What's In Blue

The Middle East, including the Palestinian Question: Closed Consultations

This afternoon (9 May), Security Council members will hold closed consultations on “The situation in the Middle East, including the Palestinian question”. It seems that Russia requested the meeting to discuss a possible role for the UN Truce Supervision Organization (UNTSO) in monitoring a potential ceasefire between Israel and Hamas. UNTSO Head of Mission and Chief of Staff Major General Patrick Gauchat is expected to brief.

Following the 7 October 2023 large-scale attacks against Israel led by Hamas, the Palestinian armed group and de facto authority in Gaza, the Israel Defense Forces (IDF) have carried out massive airstrikes on the Gaza Strip. On 27 October 2023, the IDF also launched a ground operation initially focused on northern Gaza and later extended to most other areas of the Gaza Strip. Figures provided by Palestinian officials in Gaza cited by OCHA indicate that, as at 8 May, at least 34,844 Palestinians had been killed. Large areas of Gaza have been bombed to the ground, with up to 1.7 million people estimated to be displaced across the Gaza Strip, most of them multiple times. Figures provided by Israeli authorities cited by OCHA indicate that more than 1,200 Israelis and foreign nationals have been killed in Israel, the vast majority on 7 October 2023. As at 8 May, an estimated 132 Israelis and foreign nationals remain captive in Gaza.

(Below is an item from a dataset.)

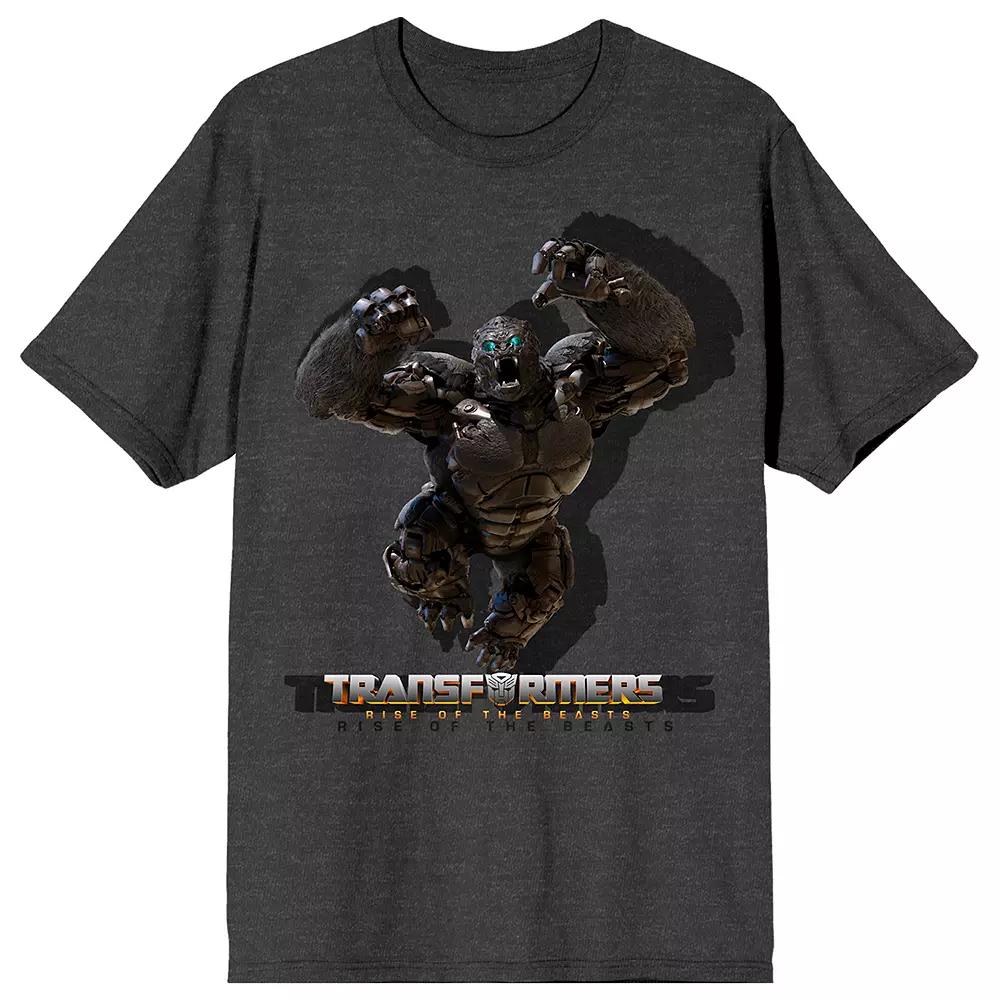 Men's Transformers Rise Of Beasts Graphic Tee, Size: XXL, Gray Product Image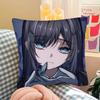 AAdoS Anime Cute Pillow Case Fashion Square Pillowcase Bedroom Sofa Room Ins Decoration Leisure Cushion Cover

On 6 May, the office of Hamas political leader Ismail Haniyeh announced that the group had accepted the outline for a ceasefire proposed by Qatar and Egypt, which, together with the US, have been acting as mediators in the indirect talks between Israel and Hamas. This was followed by a statement by the office of Israeli Prime Minister Benjamin Netanyahu saying that while the proposal agreed by Hamas fell short of Israel’s demands, Israel would send a delegation to meet with negotiators in Egypt. At the same time, the statement said that Israel would continue its operation in Rafah, Gaza’s southernmost city. (Despite repeated warnings from the UN and humanitarian agencies about the catastrophic consequences of an Israeli offensive targeting Rafah, the Israeli government has been threatening for several months to carry out a major operation in Rafah to eliminate the Hamas forces that it says are present in that area.)

On 7 May, the IDF took control of the Rafah border crossing, which connects Gaza with Egypt. This move, together with relocation orders issued on 6 May directing Palestinians in parts of Rafah to evacuate and airstrikes over Rafah, has been interpreted as indicating that a full-scale military operation in Rafah is imminent, prompting Secretary-General António Guterres on 7 May to urge Israel to “stop any escalation” and stress that “a full-scale assault on Rafah would be a human catastrophe”. (Spokesperson for the Secretary-General Stéphane Dujarric noted in an 8 May press briefing that “well over one million people, including 600,000 children” have been sheltering in Rafah.) Guterres also called on both parties to “spare no effort to secure an agreement”. Although indirect talks in Cairo have reportedly resumed, an agreement has yet to be reached at the time of writing.

Today will be the second time that Council members receive a briefing from Gauchat since the outbreak of the war. The first time was during the 19 December 2023 open briefing on “The situation in the Middle East, including the Palestinian question”. Today’s meeting is consistent with Russia’s apparent interest in exploring a monitoring role for UNTSO in Gaza.

The military observers serving under UNTSO’s mandate are unarmed and trained to observe and report violations of the ceasefire and disengagement agreements relevant to their areas of operation. Currently, UNTSO provides military observers as part of the Observer Group Lebanon (OGL), which supports the UN Interim Force in Lebanon (UNIFIL), and the Observer Group Golan (OGG), which supports the UN Disengagement Observer Force (UNDOF) in the Golan.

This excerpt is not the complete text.